CottageLabs/OpenArticleGauge

Add timeout to resolving DOIs and URLs

Opened this issue · 2 comments

In order to make the API more responsive, we should kill threads which take too long to process.

I have done a bit of investigation here with @Nimphal - this is a bit of a tangle, as can be expected.

So we have:
a/ celery timeouts
b/ requests timeouts

Counter-intuitively, b/ is NOT set by default. But there's no point in just adding a timeout argument to the requests.get call and putting our feet up - we need to understand what is causing the timeouts (and also why is our celery 5 min timeout not working). Thus I think we should build a very very small 7-line flask app which just hangs (busy-wait) and try to download a DOI from it.
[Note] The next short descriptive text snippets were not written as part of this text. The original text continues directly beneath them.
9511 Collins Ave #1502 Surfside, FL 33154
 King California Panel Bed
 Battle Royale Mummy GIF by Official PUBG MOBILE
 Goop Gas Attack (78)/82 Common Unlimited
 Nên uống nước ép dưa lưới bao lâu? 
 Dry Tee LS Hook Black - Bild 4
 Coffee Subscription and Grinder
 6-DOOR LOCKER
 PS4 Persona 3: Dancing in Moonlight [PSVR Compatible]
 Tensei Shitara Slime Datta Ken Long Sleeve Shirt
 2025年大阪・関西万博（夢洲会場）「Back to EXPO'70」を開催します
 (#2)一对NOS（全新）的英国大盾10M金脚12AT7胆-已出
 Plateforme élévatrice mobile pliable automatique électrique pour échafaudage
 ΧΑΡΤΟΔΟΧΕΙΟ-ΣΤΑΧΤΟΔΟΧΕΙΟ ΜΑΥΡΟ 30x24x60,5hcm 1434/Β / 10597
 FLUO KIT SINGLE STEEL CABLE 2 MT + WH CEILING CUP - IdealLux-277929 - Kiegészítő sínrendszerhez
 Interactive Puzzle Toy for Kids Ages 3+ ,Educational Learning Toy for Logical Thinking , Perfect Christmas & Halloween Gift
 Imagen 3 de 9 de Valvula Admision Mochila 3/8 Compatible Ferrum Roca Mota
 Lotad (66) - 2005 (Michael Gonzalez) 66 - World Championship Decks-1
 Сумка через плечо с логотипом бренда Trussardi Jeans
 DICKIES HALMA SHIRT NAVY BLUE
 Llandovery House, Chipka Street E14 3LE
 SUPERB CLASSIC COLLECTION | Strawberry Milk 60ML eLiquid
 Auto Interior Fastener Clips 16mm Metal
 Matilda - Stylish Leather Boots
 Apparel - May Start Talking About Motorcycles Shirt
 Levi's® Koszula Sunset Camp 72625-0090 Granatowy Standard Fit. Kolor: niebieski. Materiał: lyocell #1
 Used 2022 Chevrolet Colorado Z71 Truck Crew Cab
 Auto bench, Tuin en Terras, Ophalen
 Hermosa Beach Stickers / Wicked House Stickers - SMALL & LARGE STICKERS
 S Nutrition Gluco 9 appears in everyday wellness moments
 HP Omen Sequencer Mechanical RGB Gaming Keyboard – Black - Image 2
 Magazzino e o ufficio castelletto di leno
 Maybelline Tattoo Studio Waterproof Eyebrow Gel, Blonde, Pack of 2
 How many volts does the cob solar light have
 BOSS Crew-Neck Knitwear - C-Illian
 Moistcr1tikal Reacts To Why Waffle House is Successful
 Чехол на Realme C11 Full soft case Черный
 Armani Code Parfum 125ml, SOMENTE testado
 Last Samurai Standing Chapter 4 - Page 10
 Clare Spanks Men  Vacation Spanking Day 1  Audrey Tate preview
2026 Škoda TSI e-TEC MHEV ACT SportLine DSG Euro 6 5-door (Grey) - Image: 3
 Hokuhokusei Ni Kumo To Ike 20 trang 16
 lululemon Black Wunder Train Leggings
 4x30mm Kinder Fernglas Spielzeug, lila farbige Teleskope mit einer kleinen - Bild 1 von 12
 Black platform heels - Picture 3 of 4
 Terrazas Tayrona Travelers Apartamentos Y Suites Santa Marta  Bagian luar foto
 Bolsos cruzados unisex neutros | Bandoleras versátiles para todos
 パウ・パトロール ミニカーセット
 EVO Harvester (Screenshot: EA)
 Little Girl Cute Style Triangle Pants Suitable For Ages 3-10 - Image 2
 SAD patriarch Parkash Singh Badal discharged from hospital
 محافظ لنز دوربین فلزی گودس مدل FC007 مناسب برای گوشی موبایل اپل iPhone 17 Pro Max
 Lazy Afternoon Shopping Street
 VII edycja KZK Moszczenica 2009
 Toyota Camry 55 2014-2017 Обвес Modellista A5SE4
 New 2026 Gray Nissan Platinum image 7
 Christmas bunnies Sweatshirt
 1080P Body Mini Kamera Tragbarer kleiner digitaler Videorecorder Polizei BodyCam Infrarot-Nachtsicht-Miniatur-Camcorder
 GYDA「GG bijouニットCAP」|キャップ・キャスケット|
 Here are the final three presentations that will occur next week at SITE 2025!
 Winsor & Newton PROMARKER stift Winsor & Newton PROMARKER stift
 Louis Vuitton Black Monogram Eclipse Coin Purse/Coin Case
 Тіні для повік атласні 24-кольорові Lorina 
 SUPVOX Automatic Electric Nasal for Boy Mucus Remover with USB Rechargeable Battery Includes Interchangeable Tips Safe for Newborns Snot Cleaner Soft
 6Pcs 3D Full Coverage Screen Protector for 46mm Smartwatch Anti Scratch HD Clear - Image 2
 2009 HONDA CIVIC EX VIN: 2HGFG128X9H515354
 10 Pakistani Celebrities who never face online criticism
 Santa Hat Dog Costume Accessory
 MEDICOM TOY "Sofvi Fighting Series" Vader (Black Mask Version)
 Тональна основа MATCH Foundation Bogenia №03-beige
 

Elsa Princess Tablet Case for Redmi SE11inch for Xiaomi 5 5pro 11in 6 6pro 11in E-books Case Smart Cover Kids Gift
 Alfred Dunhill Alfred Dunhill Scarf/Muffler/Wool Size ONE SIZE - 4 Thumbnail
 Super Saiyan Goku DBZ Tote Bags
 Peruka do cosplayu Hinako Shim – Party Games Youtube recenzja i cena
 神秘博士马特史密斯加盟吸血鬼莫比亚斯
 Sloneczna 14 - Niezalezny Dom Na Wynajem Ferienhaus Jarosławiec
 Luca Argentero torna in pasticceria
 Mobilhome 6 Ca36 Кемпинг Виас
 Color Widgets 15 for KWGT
Then we can add the requests timeout, and see if that fixes the problem - as well as proceed to see why exactly does celery allow tasks to run forever.

Also to note, @Nimphal may have found out that the way we specify celery timeout is just wrong, as in that cmdline arg will be ignored because it doesn't exist. I haven't had time to follow up on that, but it could be done after we reproduce the hanging on a developer's machine (e.g. by using a flask app).

Wrt the busy-wait mini-app: I think I know how to do some pretty nasty stuff - infinite sleep is one thing, but if needed, I can write a small script (not with Flask) which opens a socket to respond to the OAG request coming in, and never closes it, but also never sends any data back. This should screw nicely with the I/O layer in Python(OAG).

celery/celery#1129 memory leaks in celery when timeout params are used, problem was in 3.0 branch which we use and has been backported but I'm pretty sure our celery isn't new enough to have the patch.

Consider upgrading celery if it continues to eat memory, since we do need those timeouts too.